Thursday, 4 July 2013

Astrophysics Corner, Part 1 – Neutron Stars


In The Witches’ Stones Book 1 – Igniting the Blaze, a star known as the Firedragon plays a prominent role in Coryn and Steph’s escape from the Organization raider spaceships.   This star is actually a neutron star of the type known as a soft gamma repeater:

“The Firedragon was the most notorious star in the galaxy.  It had been given its name for a reason – it did, indeed, breathe fire, in the form of intense X-rays and gamma rays.  A neutron star of the type known as a soft gamma repeater, it poured out incredible amounts of energy in short, unpredictable bursts. In less than an hour, these flares had been known to produce more energy than Earth’s sun produced in decades. And those were routine bursts of the Firedragon – a super-flare was beyond imagining, capable of sterilizing an unlucky planet at the distance of tens of light years.”

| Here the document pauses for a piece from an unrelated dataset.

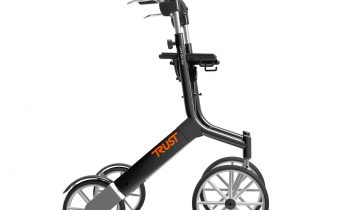 Opvouwbare TrustCare Let's Go Out Rollator Lichtgewicht Zonder Remkabels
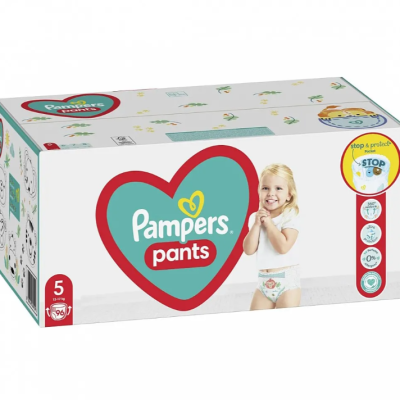 Гащички за еднократна употреба Pampers Junior 5, 12-17 кг 96 бр.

http://www.amazon.com/The-Witches-Stones-Book-ebook/dp/B008PNIRP4

In further neutron star news in the actual world, the research group at McGill University,  to which our astrophysics consultant, PhD student Scott Olausen,  belongs recently made an important discovery in the neutron star field - an "anti-glitch" where a neutron star slows down rather than speeds up.  Prior to this, an anti-glitch had never been reliably detected.  This gives hints about the interior of neutron stars and the makeup of matter, since a neutron star acts somewhat like a gigantic elementary particle (this is a hugely oversimplified explanation, of course). The paper was recently in Nature, one of the most prestigious journals in the science world.  Here are some links to the announcement:



Scott and the McGill Pulsar Group also have many fascinating papers in The Astrophysical Journal.